The global controversy around “banning” Chinese telecom equipment company Huawei, particularly for 5G networks, has now spread to India, though “national interest” continues to be a point of contention. Amid these developments, Cellular Operators Association of India (COAI) on December 17 urged Indian government not to take any “arbitrary” action against Huawei, citing benefits of the company.
Meanwhile, Huawei India has insisted that the concerns against the company have no basis, and is expected to conduct 5G trail runs from January next year in the country, as per the earlier directions of the Department of Telecom (DoT), Government of India.
Considering the fact that around 30 per cent of the 4G market in the country is occupied by Chinese companies, Indian telecom equipment manufacturers are on the forefront, demanding their ban.
In a recent letter to National Security Advisor Ajit Doval, Telecom Equipment and Services Export Promotion Council (TEPC) urged to “Ban the procurement of any Chinese telecom equipment in any government telecom network (centre or state), including power, rail, defence and other Public Sector Units”.
TEPC has argued, “While it is common knowledge that telecom equipment from China poses severe security threat, recent decisive actions by technologically savvy countries have confirmed this.” The TEPC wants the government to review the policy of procuring telecom, and information technology equipment from Chinese companies “in the national interest”.
This is in reference to the recent developments – imposition of ban or restrictions by countries such as the US, the UK, Japan, Germany, Australia and New Zealand, particularly on the use of Huawei’s 5G telecom equipment – the common fear cited is that the Chinese government might force its companies to spy and organise cyber attacks.
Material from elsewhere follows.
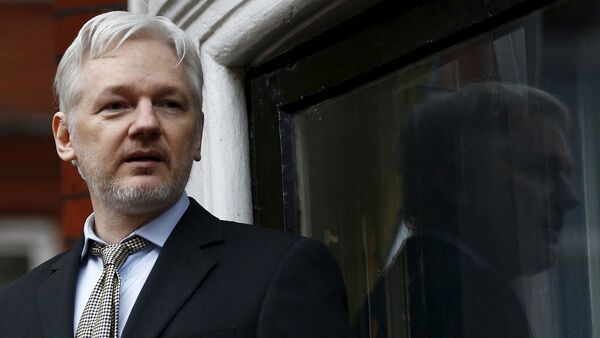 WikiLeaks founder Julian Assange makes a speech from the balcony of the Ecuadorian Embassy, in central London, Britain in this February 5, 2016. - Sputnik International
However, COAI, which represents telecom services providers, has told DoT that the TEPC allegations against Chinese equipment companies are posed “without any proof”. “They (Huawei) are suitably equipped to prepare operators and industry to build 5G capabilities in operations, in organisation and most importantly in the ecosystem and to ensure they are fully compliant with all government requirements," COAI head Rajna Mathews wrote to DoT.
There are certain obvious reasons for the country’s telecom service providers for backing Huawei. Reportedly, Chinese companies offer equipment 30 per cent cheaper than European companies, and one of the important reasons is their ability to make equipment to different specifications. COAI pointed that any ban on Chinese equipment would increase capital costs in the sector. On the other side, market experts argue that the European companies cannot solely meet the demand for telecom equipment, as the demand is huge.
Huawei and China Mobile were the companies to launch the world’s first service-oriented prototype for 5G core networks. Huawei has already conducted 5G trial runs in 10 different cities across the world, as per the company’s annual report.
Jay Chen, CEO of Huawei India told Business Standard that the rollout of 5G will require a global supply chain in which all equipment and software, irrespective of origin, will have to incorporate in-built securities based on standards laid down by the special group - Third Generation Partnership Project (3GPP), set up for this purpose.
While the onus to decide on the Telecom market and security concerns lies with the government, it is to be seen how the government would deal with this emerging conundrum.